Could you retype every line below exactly, omitting the images?

- [SUPPLIED INFORMATION]

......

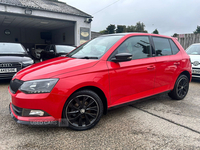 Skoda Fabia DIESEL HATCHBACK in Down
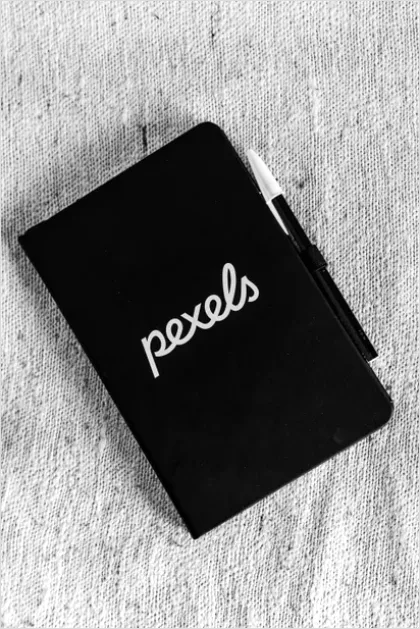 Detail School Supplies Flat Lay Photo Number 8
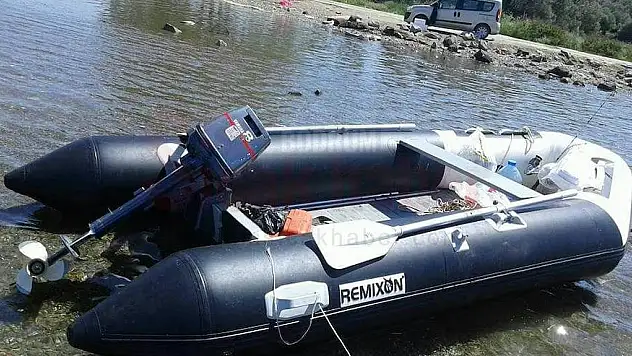 Bottan Düşen Turist Genç Yaralandı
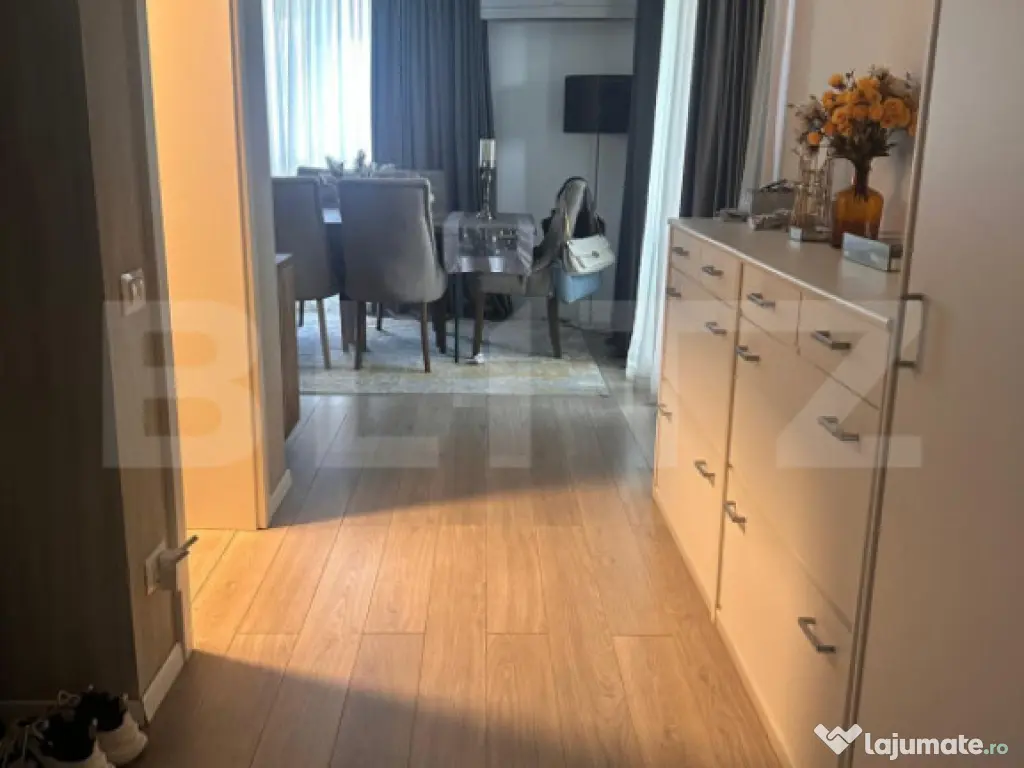 Apartament 4 camere, 160 mp, et.3, zona Calea Severinului-Bi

......

- [ANSWER TO THIS TASK]
 Skoda Fabia DIESEL HATCHBACK in Down
 Detail School Supplies Flat Lay Photo Number 8
 Bottan Düşen Turist Genç Yaralandı
 Apartament 4 camere, 160 mp, et.3, zona Calea Severinului-Bi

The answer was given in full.